# Instructions to follow
Produce a faithful copy of every record below, without the pictures.

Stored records
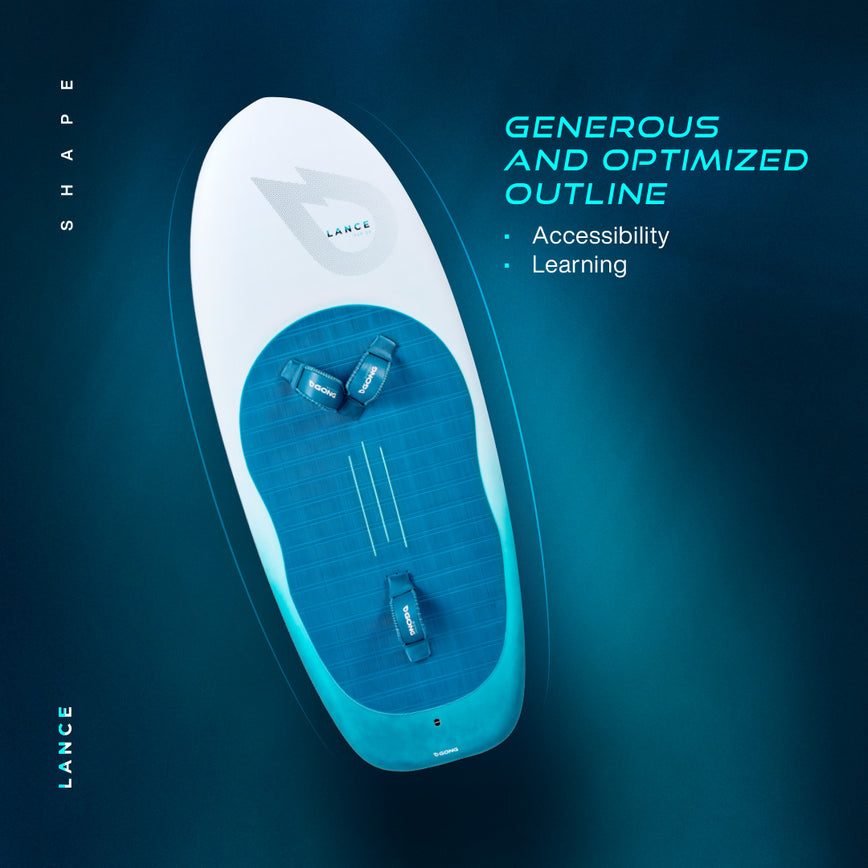 GONG | Wing Foil Board Lance FSP 2X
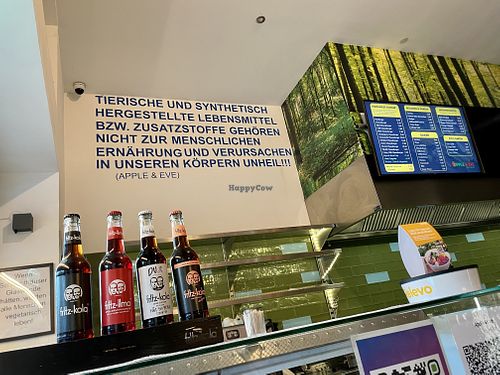 inside at Apple & Eve in Hamburg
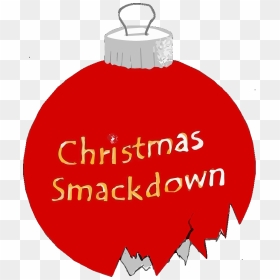 Chrismatmassmackdown Logo Transparent 1 - Brixton, HD Png Download - smackdown png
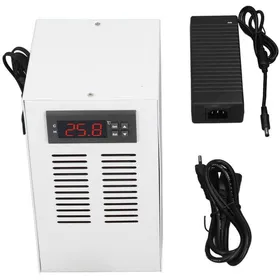 Comparer les prix de Refroidisseur Daquarium 72 W 3 L Min 30-35 DB Refroidisseur Deau à Faible Bruit Daquarium Spécial Silencieux Compresseur de Ré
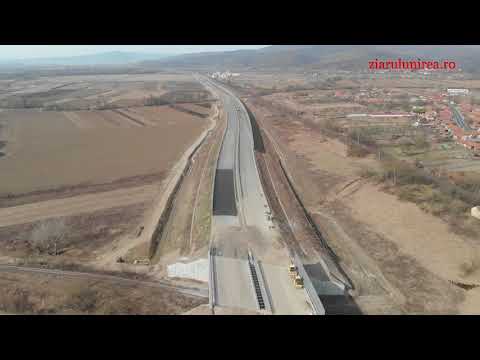 Autostrada A1, Lugoj Deva, lot 3, conectare viaduct Ilia, 07 03 2019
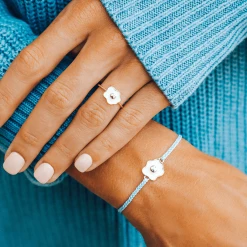 Sanrio Gudetama Enamel Charm Bracelet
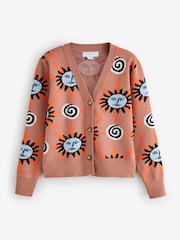 Never Fully Dressed Brown Sun Cardigan - Image 5 of 5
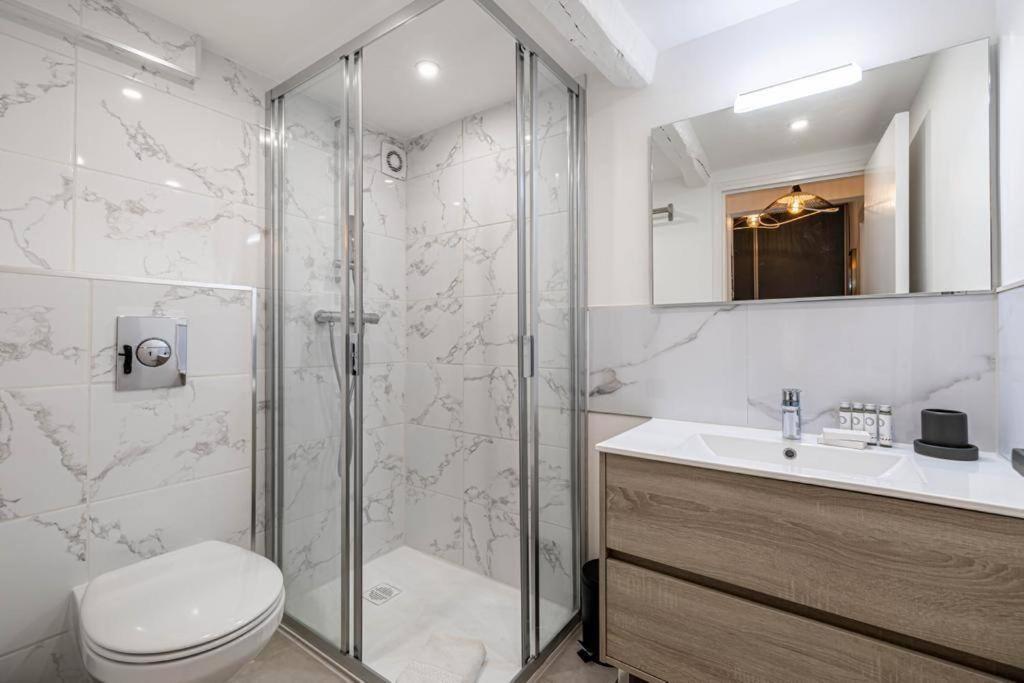 Apartament Chez Jude Le Suquet Cannes Zewnętrze zdjęcie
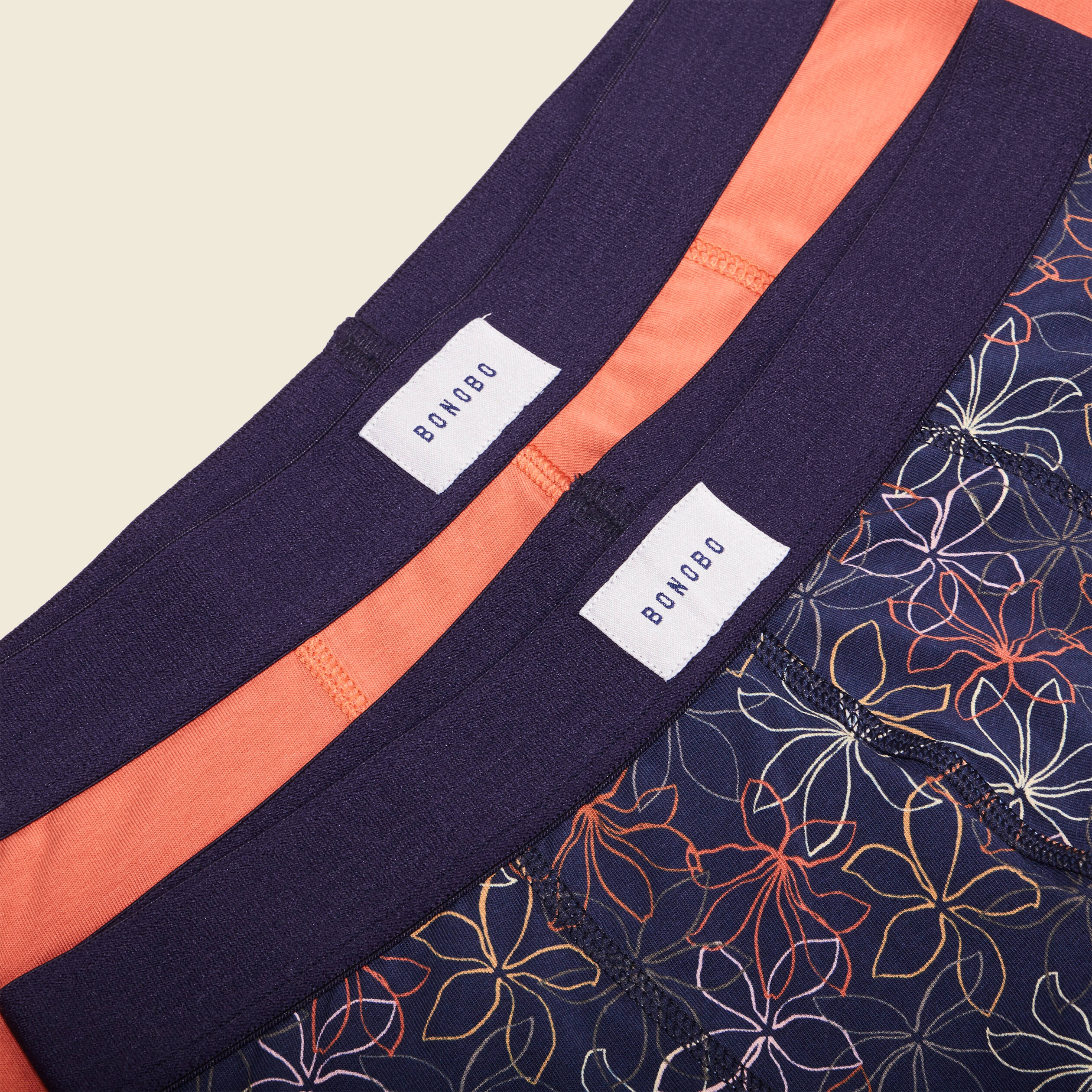 lot 2 boxers rose homme Lot 2 boxers rose homme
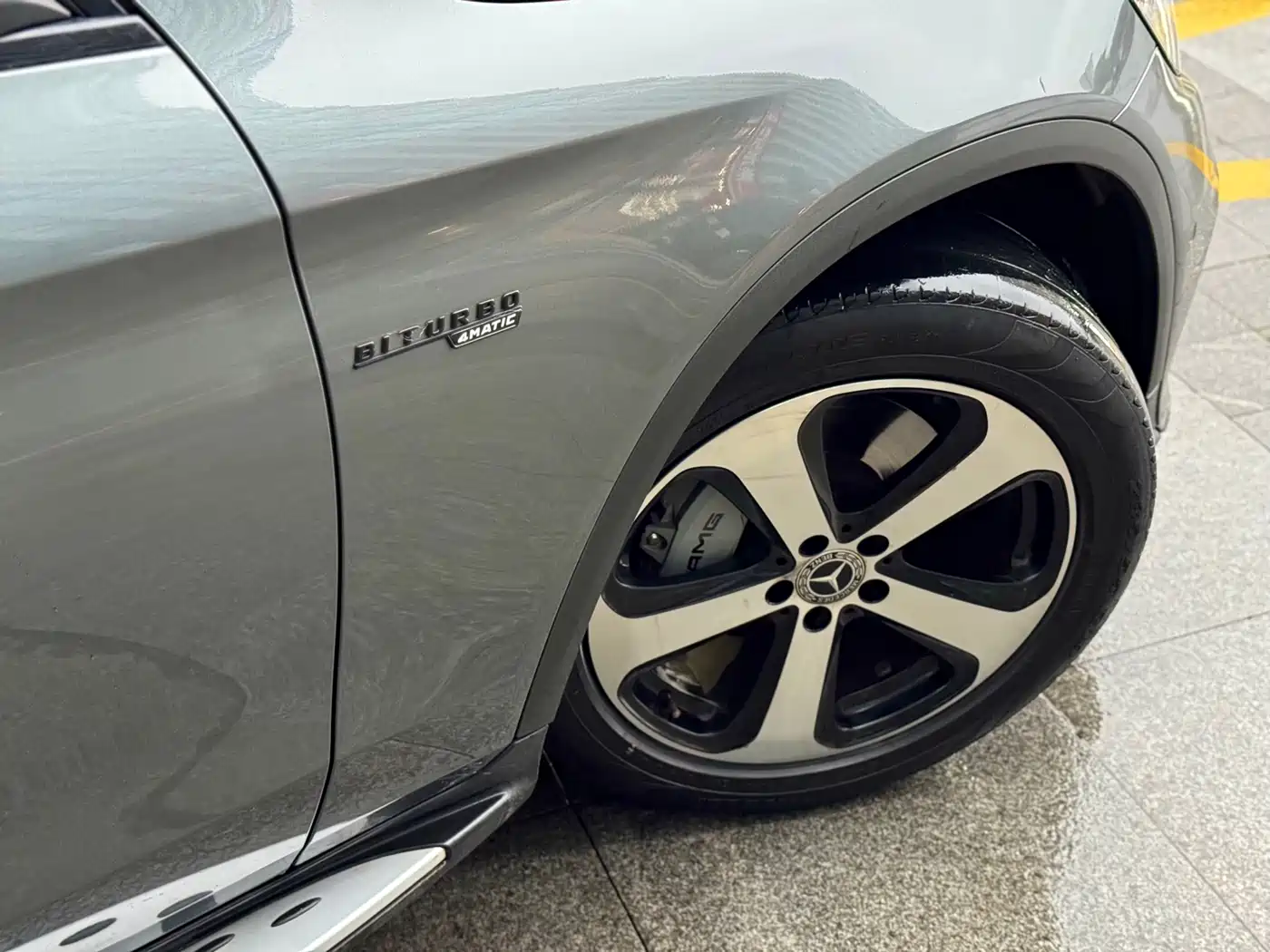Mercedes-Benz GLC Coupe 2019 GLC 200 4MATIC Coupe SUV фото 7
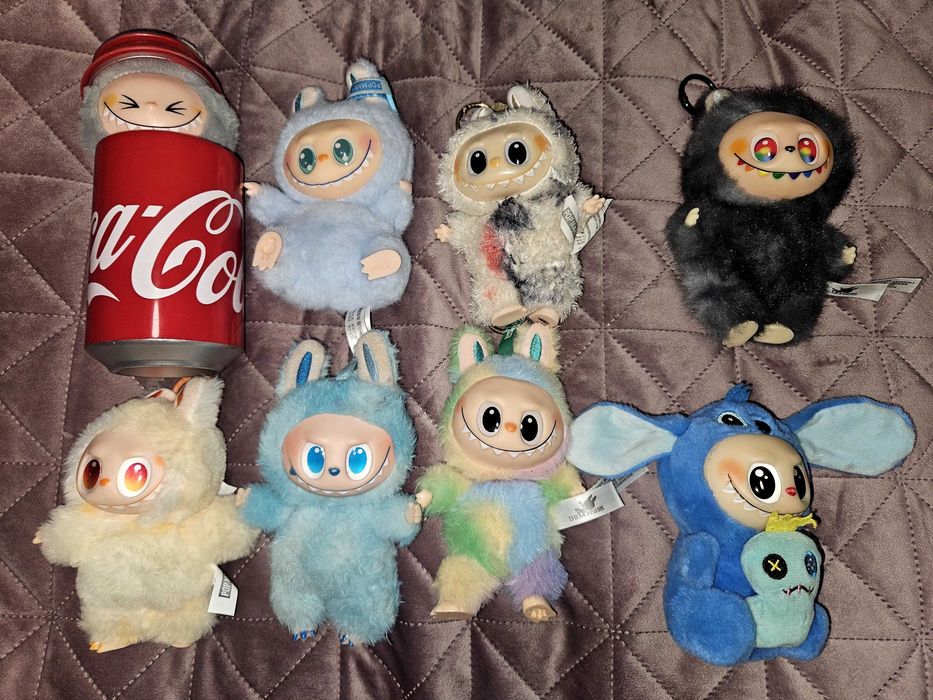 Лабубу плюшена играчка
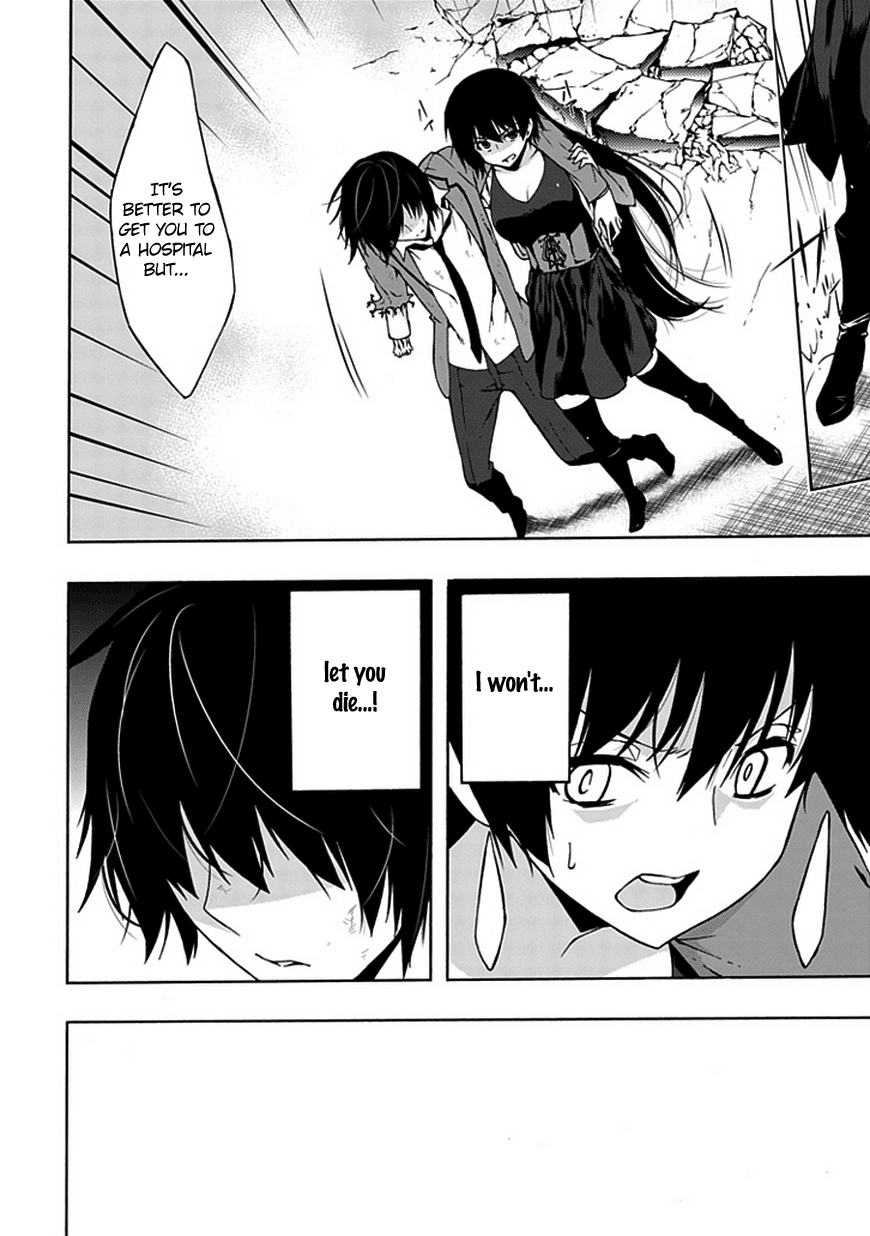 Classmate, Kamimura Yuuka wa Kou Itta. Chapter 5 page 12 - Chapter 5: Friends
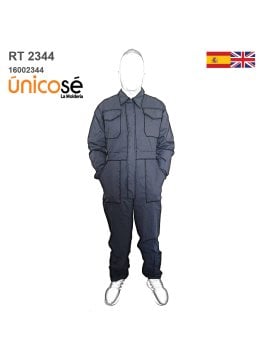 MOLDE TRABAJO OVEROL 2344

# The completed task
 GONG | Wing Foil Board Lance FSP 2X
 inside at Apple & Eve in Hamburg
 Chrismatmassmackdown Logo Transparent 1 - Brixton, HD Png Download - smackdown png
 Comparer les prix de Refroidisseur Daquarium 72 W 3 L Min 30-35 DB Refroidisseur Deau à Faible Bruit Daquarium Spécial Silencieux Compresseur de Ré
 Autostrada A1, Lugoj Deva, lot 3, conectare viaduct Ilia, 07 03 2019
 Sanrio Gudetama Enamel Charm Bracelet
 Never Fully Dressed Brown Sun Cardigan - Image 5 of 5
 Apartament Chez Jude Le Suquet Cannes Zewnętrze zdjęcie
 lot 2 boxers rose homme Lot 2 boxers rose homme
Mercedes-Benz GLC Coupe 2019 GLC 200 4MATIC Coupe SUV фото 7
 Лабубу плюшена играчка
 Classmate, Kamimura Yuuka wa Kou Itta. Chapter 5 page 12 - Chapter 5: Friends
 MOLDE TRABAJO OVEROL 2344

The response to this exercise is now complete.